TL;DR — Is It The Right Investment For You?
As always, it depends on what your aims are. Along with copper, steel can be a good indicator of the economy since it’s used in a lot of major industries. By investing in steel, you’re essentially betting on the growth of global infrastructure/construction projects, emerging markets, and/or transportation. However, when there’s a global economic slowdown, its price may fall due to decreased demand, which may be from lowered consumer demand, cancelled/suspended infrastructure programs, or a slowdown in emerging market economies. That being said, adding steel to an existing portfolio of commodities, or bundling it up with other commodities, can be a good way to achieve diversification.
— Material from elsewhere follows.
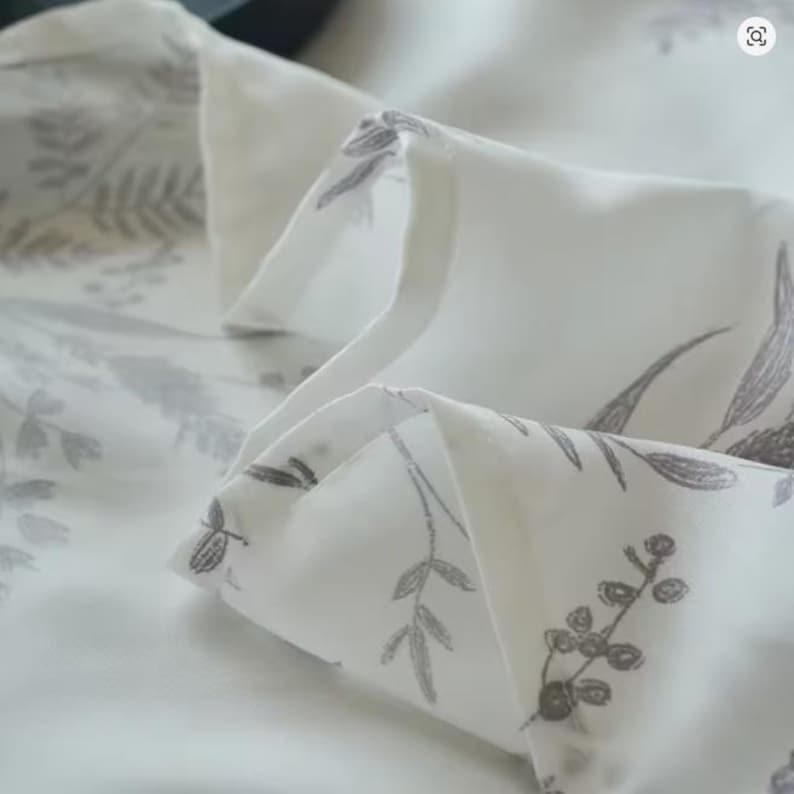 May include: A white fabric featuring a repeating botanical print in a muted grey tone. The pattern consists of various delicate leaves, stems, and small berries scattered across the surface. The material is folded, creating soft, layered pleats.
Furthermore, because it can be volatile, it presents an opportunity for you to gain decent speculative returns if your analysis and timing is right.
🧺 If you are considering adding steel to your existing portfolio or bundling it with a number of others, you may want to consider doing dollar-cost averaging (regular investments over time) to build your steel position so you can take advantage of the volatility in the market.
💰 If you are considering adding steel for speculation and profit, you may want to monitor the factors that affect steel prices mentioned above, especially any developments in the emerging markets, most notably, China. In addition to monitoring the factors mentioned above, you may also want to consider performing some technical analysis on steel’s price chart to help consolidate trends and patterns to help with your decision. That being said, its prices can swing unexpectedly due to speculators investing in the market, so be prepared and have an exit plan in place.
As always, if you are unsure, check in with a professional financial advisor before making any moves.